Statistical profiling also can be performed at the network level by developing the activity profiles of web servers. For example, if a web server begins receiving remote commands and file uploads, these are not normal processes and are thus flagged.
IDSs are implemented in one of two ways: host-based or network-based.
Detection software is loaded on the host the IDS will be monitoring, and data is audited from this single host. Each network host will need the intrusion detection software running in order to be effective in identifying attacks. Host-based IDSs monitor system, event, and security logs on Windows NT and syslog in UNIX environments. If any changes in these files are detected by the IDS, the IDS compares the new log entry with attack signatures to see whether a match exists. If a match is found, the system alerts the administrator.
There are two classes of host-based intrusion detection software:
Host wrappers/personal firewalls Configured to look at all network packets, connection attempts, or login attempts to the monitored machine. Personal firewalls can detect software on the host that may be trying to connect to the network as well.
Agent-based software Monitors access, changes to critical system files, and changes in user privilege.
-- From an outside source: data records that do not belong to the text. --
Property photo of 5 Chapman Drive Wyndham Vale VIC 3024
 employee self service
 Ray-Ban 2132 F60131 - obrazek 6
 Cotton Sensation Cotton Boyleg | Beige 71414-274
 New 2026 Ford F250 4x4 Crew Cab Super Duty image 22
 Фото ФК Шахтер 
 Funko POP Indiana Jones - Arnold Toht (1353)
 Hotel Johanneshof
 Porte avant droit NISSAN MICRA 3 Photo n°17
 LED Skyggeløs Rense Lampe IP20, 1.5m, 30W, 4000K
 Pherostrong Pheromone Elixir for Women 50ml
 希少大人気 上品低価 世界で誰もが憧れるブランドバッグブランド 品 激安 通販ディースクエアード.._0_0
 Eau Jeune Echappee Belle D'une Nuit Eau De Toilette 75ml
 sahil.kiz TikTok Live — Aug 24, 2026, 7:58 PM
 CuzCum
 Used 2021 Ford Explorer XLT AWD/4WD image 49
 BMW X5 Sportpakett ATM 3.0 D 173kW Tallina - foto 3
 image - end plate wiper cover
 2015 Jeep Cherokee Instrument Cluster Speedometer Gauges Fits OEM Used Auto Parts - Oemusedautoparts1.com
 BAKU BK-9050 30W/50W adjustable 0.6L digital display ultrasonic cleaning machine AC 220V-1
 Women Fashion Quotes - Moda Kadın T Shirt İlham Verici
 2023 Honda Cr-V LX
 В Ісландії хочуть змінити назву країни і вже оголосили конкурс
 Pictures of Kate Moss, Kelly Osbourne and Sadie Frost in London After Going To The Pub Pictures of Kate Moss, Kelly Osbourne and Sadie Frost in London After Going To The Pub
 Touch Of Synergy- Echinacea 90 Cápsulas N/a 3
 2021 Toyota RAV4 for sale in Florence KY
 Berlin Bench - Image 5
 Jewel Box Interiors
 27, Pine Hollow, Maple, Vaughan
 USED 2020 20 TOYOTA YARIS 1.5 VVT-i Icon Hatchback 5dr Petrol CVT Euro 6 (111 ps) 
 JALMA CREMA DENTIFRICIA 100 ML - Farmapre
Packets on the network and audit data from several hosts are monitored on the particular segment the NIDS is covering. As the packets pass the sensor, they are examined for their similarities to a signature. NIDs are primarily concerned with remote intrusion from an external source outside of the network. If an attack is detected, the NIDS will notify the administrator, terminate the connection, and/or record the session for forensic analysis and evidence collection.
NOTEMore information regarding Cisco Systems IDS (formerly NetRanger) platform can be found at http://www.cisco.com/warp/public/cc/pd/sqsw/sqidsz/index.shtml. |
Signatures represent an activity pattern required to gain access to a computer network or system. Signatures enable the IDS to verify whether the monitored sequence of events is a threat to the integrity of the network or system.
The following is a list of signatures monitored by IDSs:
Attack, or string signatures Look for specific and well-known patterns of activity logged by the system, indicating malicious or suspicious intent. The most common attack signatures include these:
OS identification Sending of illegal/strange ICMP or TCP packets identifying the OS by the way in which the OS responds to the packets.
Account scans Look for accounts with no passwords, common word passwords, or passwords that are the same as the user name.
Exploits Intruders will take advantage of hidden features, holes, or bugs to gain access to the system. Common exploits include:
- CGI scripts
- Web server attacks
- Web browser attacks
- SMTP attacks
- IP spoofing
- Buffer overflows
- DNS attacks
DoS attacks The intruder attempts to crash a service or host machine, overload network links, overloaded the CPU, or fill up the disk, preventing legitimate users from accessing services. Common DoS attacks include:
- Ping-of-Death
- SYN Flood
- WinNuke (targeting older Microsoft Windows 95/NT machines)
NOTEThe Web site http://www.jtan.com/resources/winnuke.html can be used to test a PC for vulnerability to the WinNuke attack. |
Port signatures Look for connection attempts to well-known and frequently attacked ports.
Header condition signatures Look for illogical or dangerous combinations in packet headers.
As you can see, the list of signatures for which IDSs watch is quite extensive. Network attackers change and/or update their attack methods on a continuing basis, in turn requiring IDS vendors to update their signature databases to watch for these attacks.